First, observe that $\det(\lambda^2 I + \lambda B + K) = \det(\lambda I - M)$, where $$ M_1 = \pmatrix{-B & -K\\I & 0}. $$ This holds regardless of the definiteness of $K$. If $K$ is negative definite, then there exists a unique positive definite square-root $P$ of $-K$ (i.e. $P^2 = -K$). We note that the above matrix $M_1$ is similar to $$ M_2 = \pmatrix{I\\ & P} \pmatrix{-B&-K\\I & 0}\pmatrix{I \\ & P}^{-1} = \pmatrix{-B & P\\P & 0}. $$ The above matrix is symmetric and thus has real eigenvalues. Furthermore, since $B$ is invertible, we have $$ n_\pm(M_2) = n_{\pm}(-B) + n_{\pm}(C), $$ where $C$ denotes the Schur complement $$ C = M_2/(-B) = PB^{-1}P. $$ Note that $n_{\pm}(PB^{-1}P) = n_{\pm}(B^{-1}) = n_{\pm}(B)$. With that, we can conclude that regardless of the definiteness of $B$, the number of roots with positive real part and negative real part are both equal to $m$.

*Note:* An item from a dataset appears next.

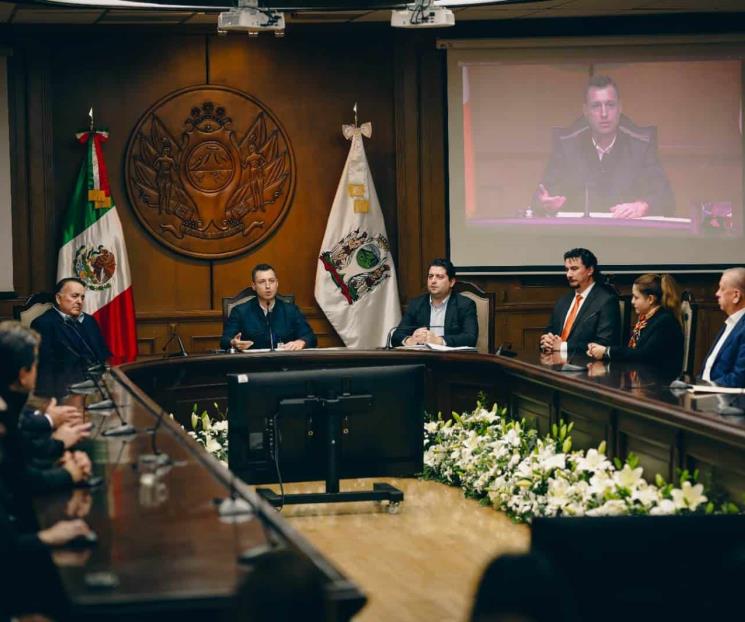 Entrega Colosio medalla al mérito ambiental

For the case where $K$ is positive definite, there is a positive definite (and symmetric) $P$ for which $K = P^2$. Applying the same manipulation as before leaves us with the matrix $$ M_2 = \pmatrix{-B & -P\\ P & 0}. $$ We note that the symmetric part of this matrix, $$ M_S = \frac 12(M_2 + M_2^T) = \pmatrix{-B&0\\0 & 0}, $$ is negative semidefinite whenever $B$ is positive definite. It follows that $M_2$ will only have eigenvalues with non-positive real part in the case that $B$ is positive definite.


Thoughts on the general case:

For the general case, with $B$ positive definite. Let $P$ be such that $PKP^T$ is of the form $\operatorname{diag}(I_{n_+},-I_{n_-})$.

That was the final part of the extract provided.